↓↓↓
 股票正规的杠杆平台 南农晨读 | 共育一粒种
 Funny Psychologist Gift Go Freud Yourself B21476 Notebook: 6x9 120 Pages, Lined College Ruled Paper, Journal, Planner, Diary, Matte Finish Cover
↑↑↑
↓↓↓
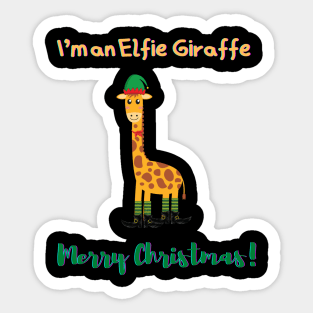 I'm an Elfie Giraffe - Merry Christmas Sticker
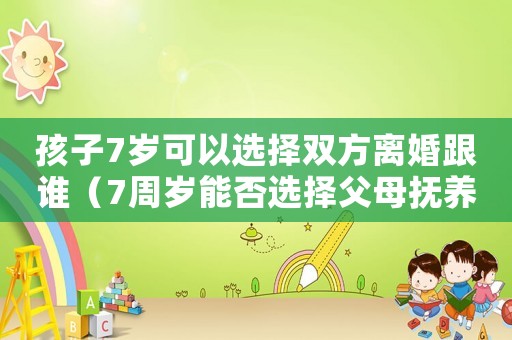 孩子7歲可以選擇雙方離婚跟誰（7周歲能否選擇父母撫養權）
↑↑↑
> [Work instruction]: Above, find the line with "I'm an Elfie"; copy it and every line down to the line with "孩子7歲可以選擇雙方離婚跟誰（7周歲能否選擇父母撫養權）", exactly and both included, but no pictures.

> [Task output]:
 I'm an Elfie Giraffe - Merry Christmas Sticker
 孩子7歲可以選擇雙方離婚跟誰（7周歲能否選擇父母撫養權）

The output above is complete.